Insomnia and How To Beat It [Infographic]

4 min read

Last Modified 1 November 2021 First Added 21 August 2017

By Chris Clark

Insomnia is a chronic sleeping condition that can have a severe impact on our ability to stay focused and well rested. In the following infographic, we explore ways to counter the ill effects of this condition, while also suggesting ways to avoid sleepless nights and make the most of your shuteye.
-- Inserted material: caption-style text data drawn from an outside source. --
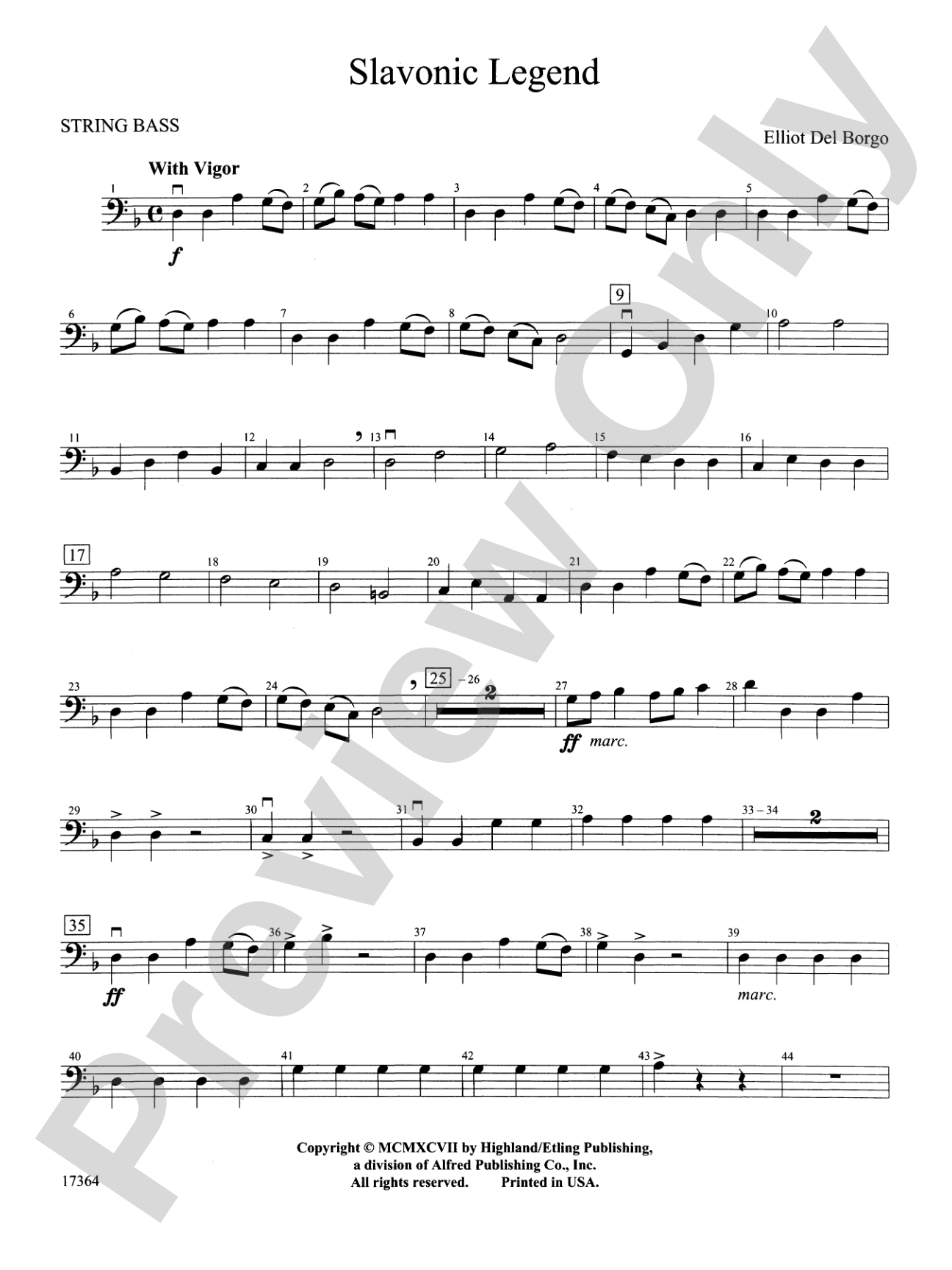 Slavonic Legend: String Bass
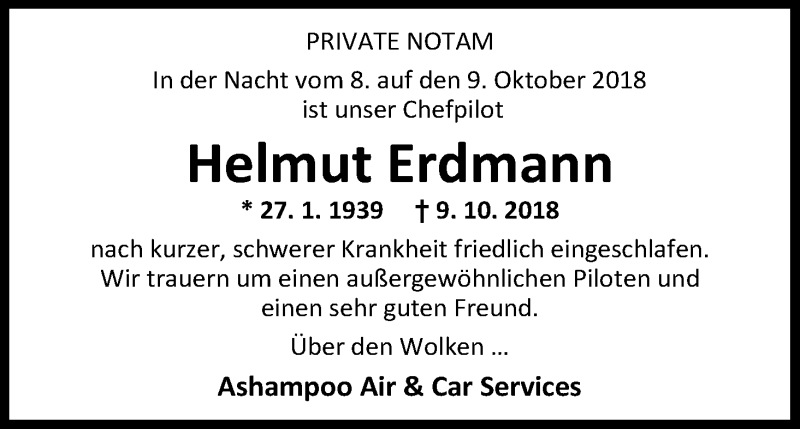  Traueranzeige für Helmut Erdmann vom 11.10.2018 aus WESER-KURIER
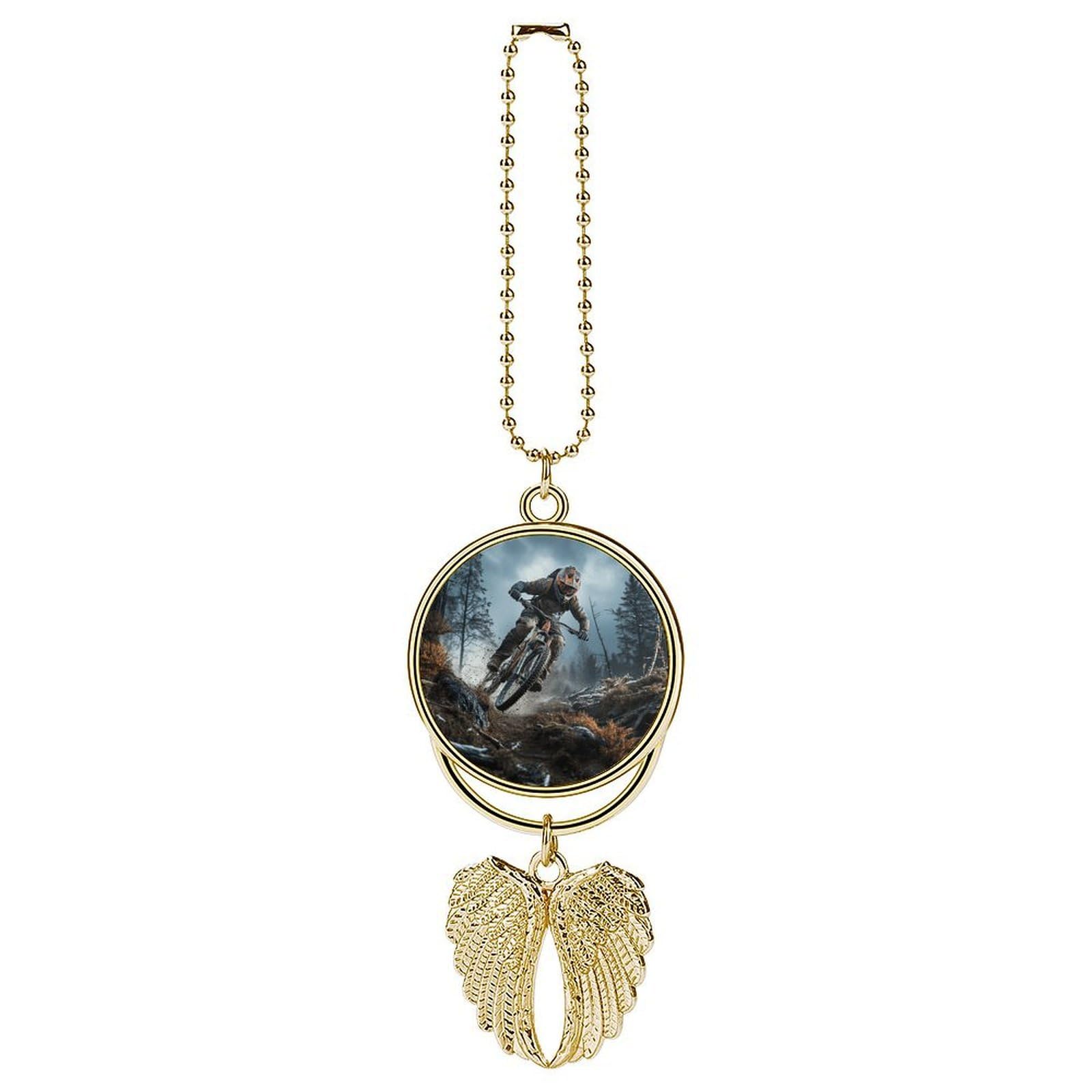 Mountain Bike Tournament Car Pendant Car Rearview Mirror Pendant Custom Photo Car Hanging Ornament Car Rear View Mirror Hanging Accessories Angel Wing Car Charm Gift for Men Women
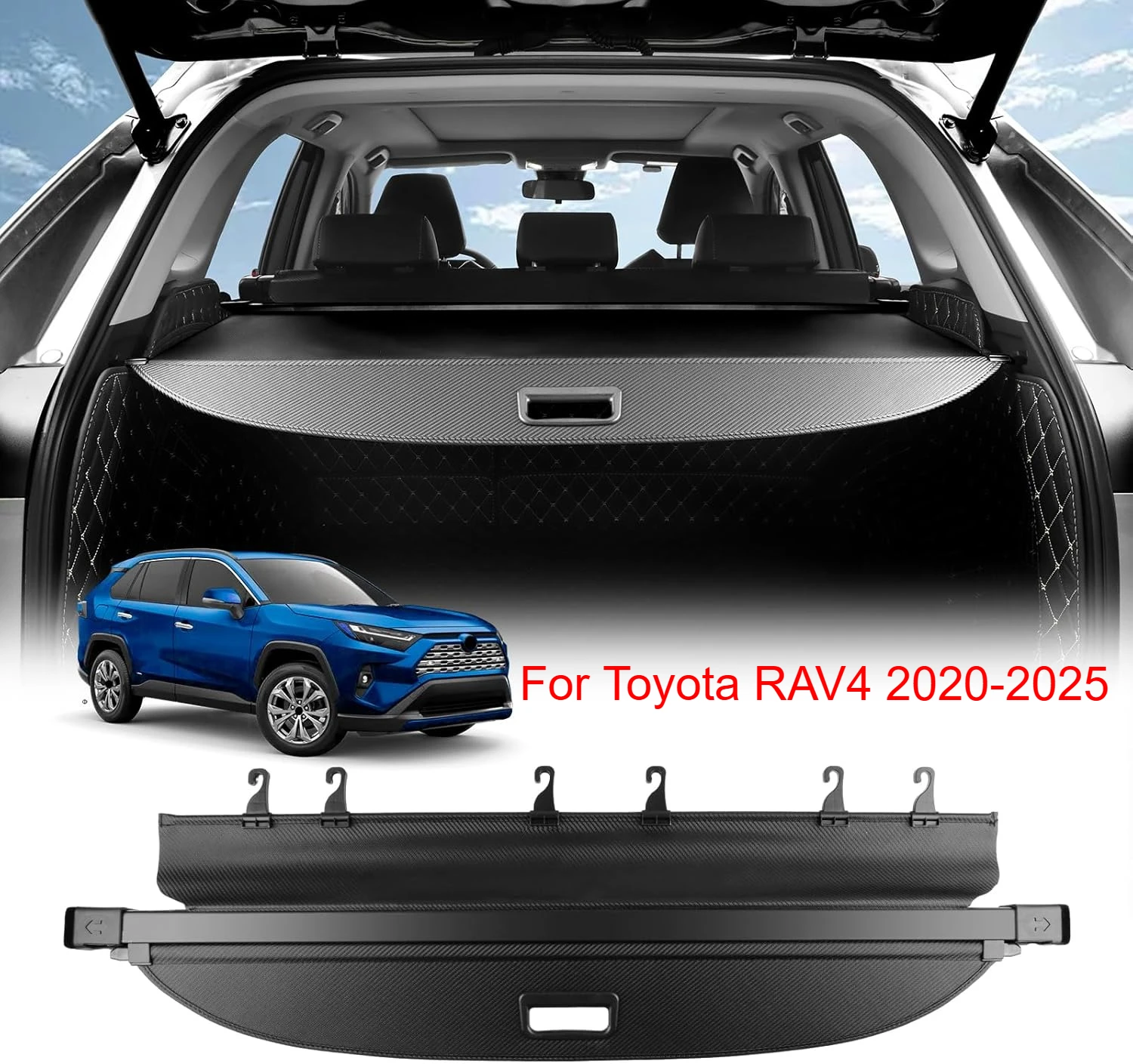 

Car Rear Trunk Cargo Cover For Toyota RAV4 20-25 Trunk Curtain Cover Organizer Stowing Tidying Canvas Auto Interior Accessories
Insomnia and How To Beat It


51.3% of Brits struggle to nod off. This problem is made worse by 24/7 media, which has resulted in a nationwide difficulty in getting a full 8 hours sleep.

[Section 1]

What is insomnia?

Insomnia is a difficulty falling asleep, staying asleep and frequently waking up earlier than you’d like. If this persists for at least three months then your sleeplessness is considered chronic insomnia.

Key Stats:

According to a UK Mental Health Foundation survey, men’s average sleep score is 61% compared to 57% for women

Only 38% of respondents consider themselves ‘good sleepers’.

Over 75% of people with insomnia experience poor concentration.
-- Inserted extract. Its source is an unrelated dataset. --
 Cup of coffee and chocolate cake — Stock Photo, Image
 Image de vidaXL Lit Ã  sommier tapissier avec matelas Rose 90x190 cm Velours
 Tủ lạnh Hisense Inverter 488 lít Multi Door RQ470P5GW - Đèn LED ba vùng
Symptoms of chronic insomnia:

  • Fatigue & Motivation
  • Daytime sleepiness
  • Poor memory
  • Mood disturbance
  • Inability to focus
  • Increased errors

If you suffer from any of the above then don’t give up on sleep just yet, as the advice below could be just the cure you’ve been looking for.
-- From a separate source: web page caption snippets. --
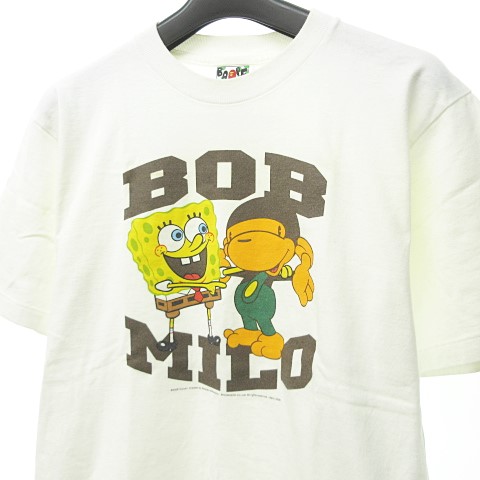 アベイシングエイプ A BATHING APE 08年 SPONGE BOB プリント Tシャツ  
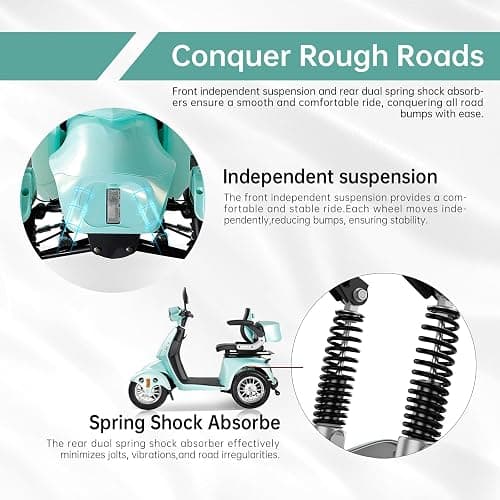 Dvsripa Mobility Scooters for Adults,Heavy-Duty 4 Wheel Mobility Scooters for Seniors,500 LB Capacity All Terrain Mobility Scooter Handicap Scooters for Adults,800W, Multiple Colors thumbnail 5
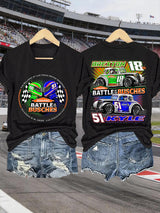 V-Neck Retro Forever Rowdy Print T-Shirt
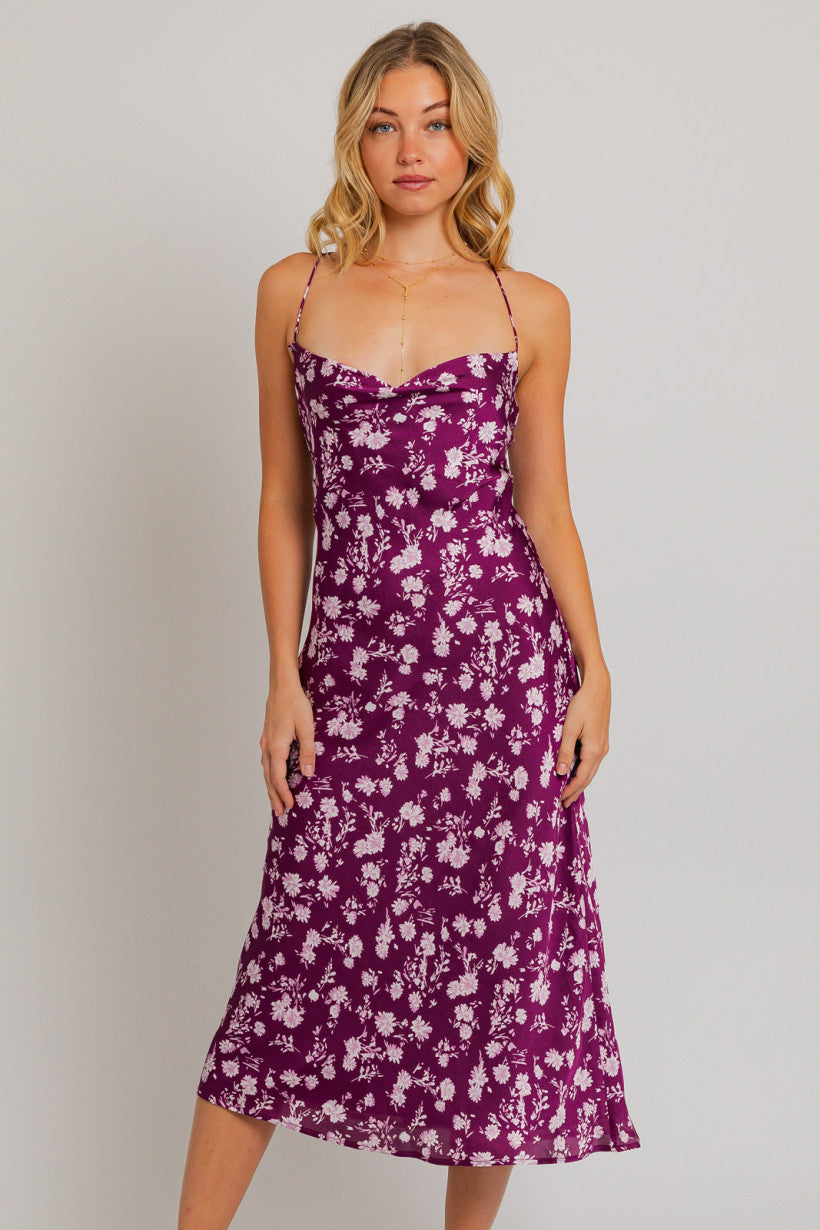 Le Lis | Purple Floral Midi Dress | Sweetest Stitch Online Boutique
[Section 2] – How To Beat Insomnia

Cognitive Behavioural Therapy

CBT is a proven method of re-learning how to sleep again. The therapy helps you make sense of overwhelming problems by examining how they affect you and your sleep.

Katherine Pinkham, Dreams Insomnia Expert and Founder of the Insomnia Clinic: ‘CBT…results show that on average 70% of people with even very long term poor sleep obtain lasting benefit from the treatment.’


Insomnia is often related to feelings of anxiety. If you often find yourself worrying about things, then you need to address these and place them aside when you get into bed. Try relaxation training such as:

  • Breathing exercises
  • Mindfulness
  • Meditation techniques & yoga
  • Guided imagery



Beware Blue Light

Artificial light, LEDs, fluorescent bulbs and incandescent bulbs trick the brain into thinking it’s daytime. Your body will want to warm-up and get ready for the day by producing a hormone called cortisol, something you don’t want before bedtime! Instead, dim your lights a couple hours before hitting the hay.

Kathryn Pinkham: ‘Blue Light technology can inhibit the production of melatonin which is known as the sleep hormone. We need melatonin to drop off at night so too much screen time before bed can interfere and tell our body and mind it’s daytime, making it hard to drop off.’

Related: Melatonin And Sleep

Ideally you should switch off all devices at least an hour before bed, or use a night filter to switch off the blue light.

Avoid the pick me up

Steer clear of anything caffeinated after 2pm. Caffeine stays in your system for up to 8 hours. One study by the Journal of Clinical Sleep Medicine found that consuming caffeine 6 hours before bedtime reduced total sleep time by 1 hour.

Bin the booze

Alcohol acts as a sedative and you skip the restorative stage of your circadian rhythm, meaning you miss out on a good night’s sleep, and will wake up tired. Make sure to avoid it at least 3 hours before bed.

Ask your doctor

Your doctor is the most highly qualified source of advice when it comes to insomnia. If treating sleeplessness yourself is a struggle, then your doctor will be able to recommend alternative methods to getting a good night’s rest.


Because Sleep Matters

Train your body clock, eliminate stimulants and learn to handle stress. If you can resolve these then you’ll be well on your way to enjoying healthy, uninterrupted, sleep every single night.